◆ **Saved entries**:
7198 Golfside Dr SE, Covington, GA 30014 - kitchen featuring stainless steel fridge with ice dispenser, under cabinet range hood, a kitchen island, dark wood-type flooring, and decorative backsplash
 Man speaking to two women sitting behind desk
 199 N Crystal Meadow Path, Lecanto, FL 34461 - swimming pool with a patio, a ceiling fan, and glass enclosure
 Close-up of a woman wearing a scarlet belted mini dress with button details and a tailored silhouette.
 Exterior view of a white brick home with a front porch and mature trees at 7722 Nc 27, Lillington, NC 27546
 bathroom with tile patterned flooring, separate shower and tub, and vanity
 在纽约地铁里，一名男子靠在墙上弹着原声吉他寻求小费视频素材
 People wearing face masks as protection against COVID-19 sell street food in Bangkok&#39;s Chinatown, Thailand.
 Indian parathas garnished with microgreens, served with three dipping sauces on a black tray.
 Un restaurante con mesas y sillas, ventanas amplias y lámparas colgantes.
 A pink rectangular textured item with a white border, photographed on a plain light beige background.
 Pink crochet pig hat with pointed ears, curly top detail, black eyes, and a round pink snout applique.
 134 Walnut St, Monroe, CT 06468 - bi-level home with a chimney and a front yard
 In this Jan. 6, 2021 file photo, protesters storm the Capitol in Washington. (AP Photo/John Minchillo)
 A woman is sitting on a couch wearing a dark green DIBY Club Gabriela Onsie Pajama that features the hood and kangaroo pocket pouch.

◆ **What needs to be done**:
Only the lines from the one containing "A pink rectangular" through the last line of the records belong in the answer, each written out exactly.

◆ **Output of the exercise**:
 A pink rectangular textured item with a white border, photographed on a plain light beige background.
 Pink crochet pig hat with pointed ears, curly top detail, black eyes, and a round pink snout applique.
 134 Walnut St, Monroe, CT 06468 - bi-level home with a chimney and a front yard
 In this Jan. 6, 2021 file photo, protesters storm the Capitol in Washington. (AP Photo/John Minchillo)
 A woman is sitting on a couch wearing a dark green DIBY Club Gabriela Onsie Pajama that features the hood and kangaroo pocket pouch.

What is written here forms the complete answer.